*** PROVIDED DATA ***

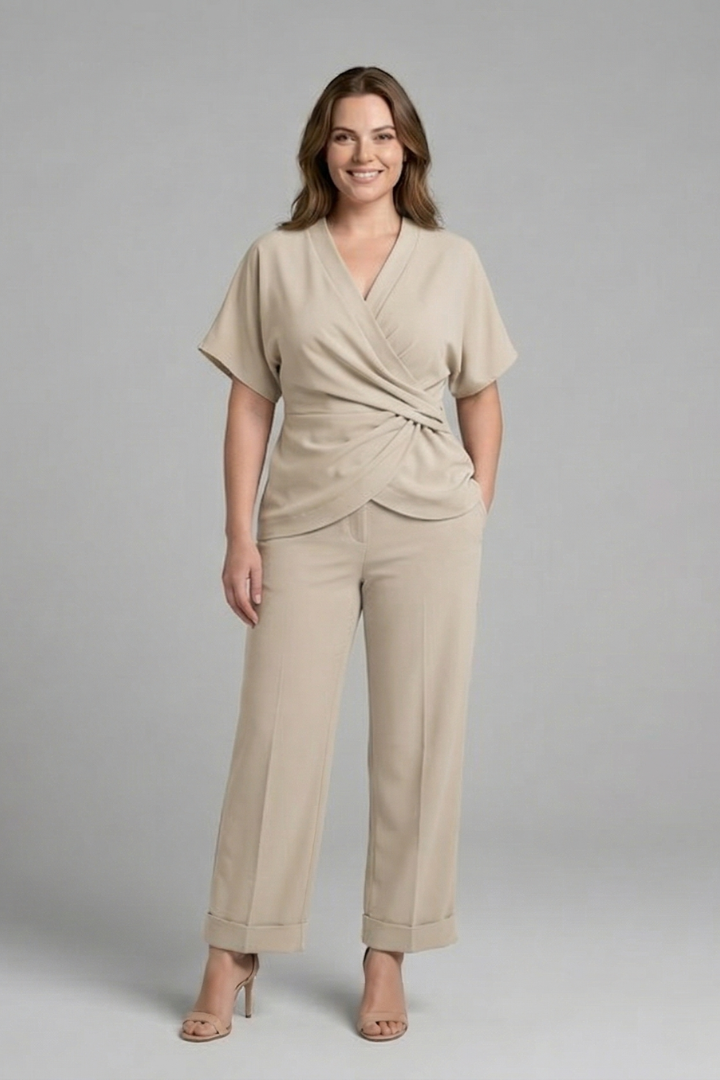 Women’s Two Piece Set with Wrap Top and Cropped Trousers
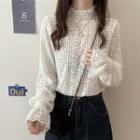 Long Sleeve Frilled Lace Top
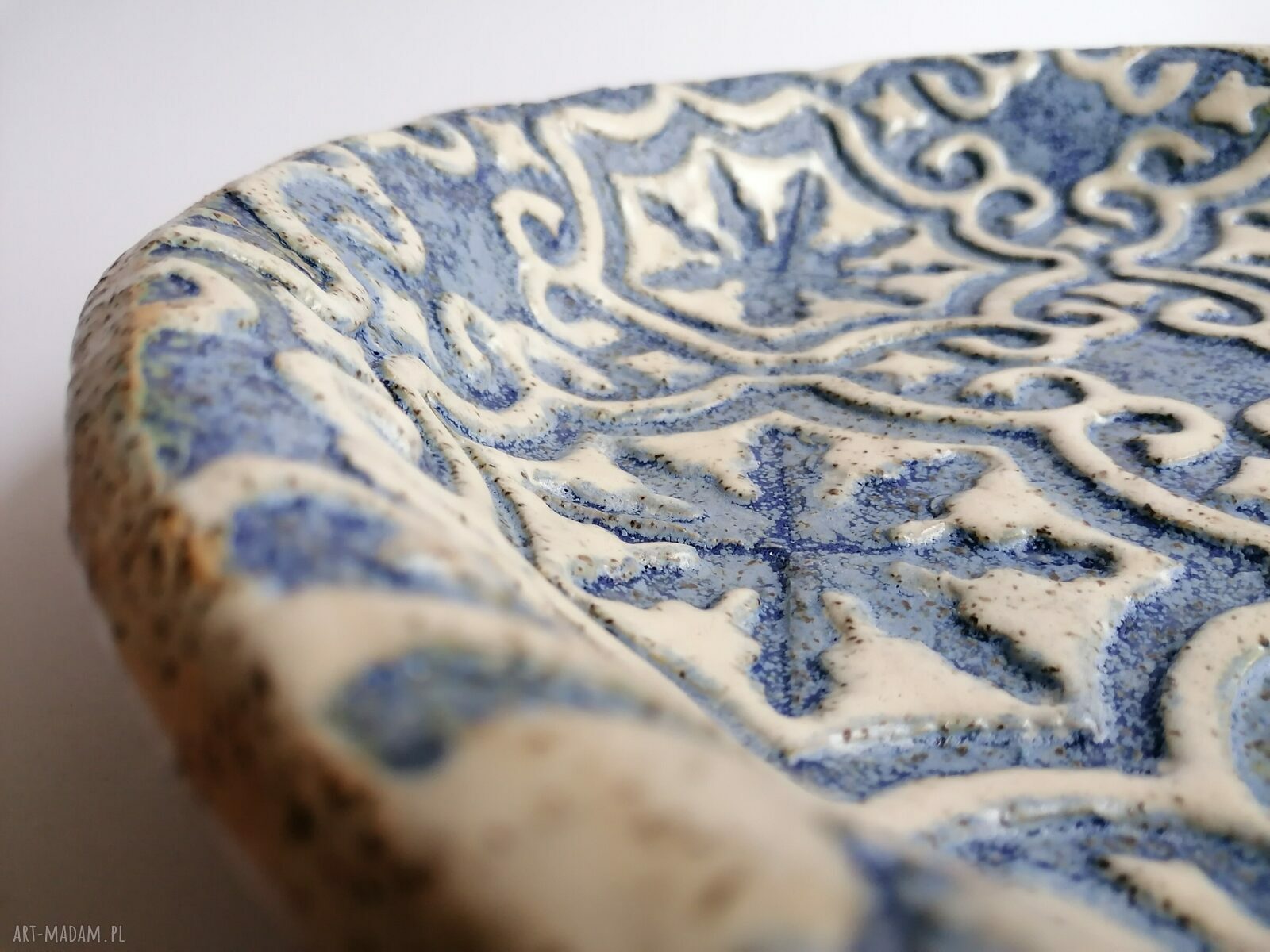 Duża misa ceramiczna „Wakacje w Hiszpanii” - ręcznie wykonana z gliny szamotowej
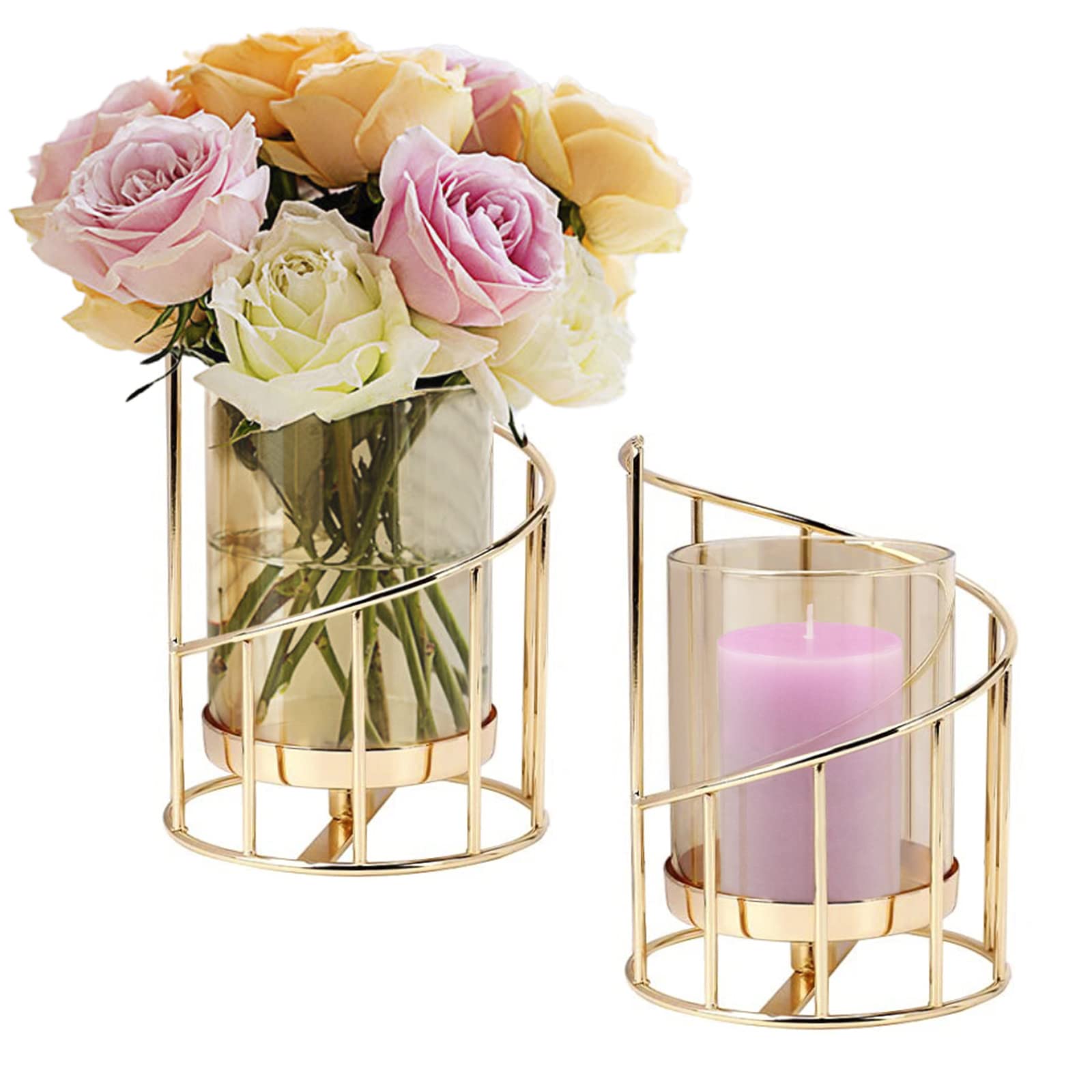 Hurricane Candle Holder,Metal Geometric Column Candle Plate, Removable Glass Candle Stand Tea Light Holders, for Home Decoration Wedding Party, Christmas, Thanksgiving,Golden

*** End of PROVIDED DATA ***

## TASK OBJECTIVE:
Please output every line of the listing as it stands, and omit its images.

## YOUR RESPONSE:
 Women’s Two Piece Set with Wrap Top and Cropped Trousers
 Long Sleeve Frilled Lace Top
 Duża misa ceramiczna „Wakacje w Hiszpanii” - ręcznie wykonana z gliny szamotowej
 Hurricane Candle Holder,Metal Geometric Column Candle Plate, Removable Glass Candle Stand Tea Light Holders, for Home Decoration Wedding Party, Christmas, Thanksgiving,Golden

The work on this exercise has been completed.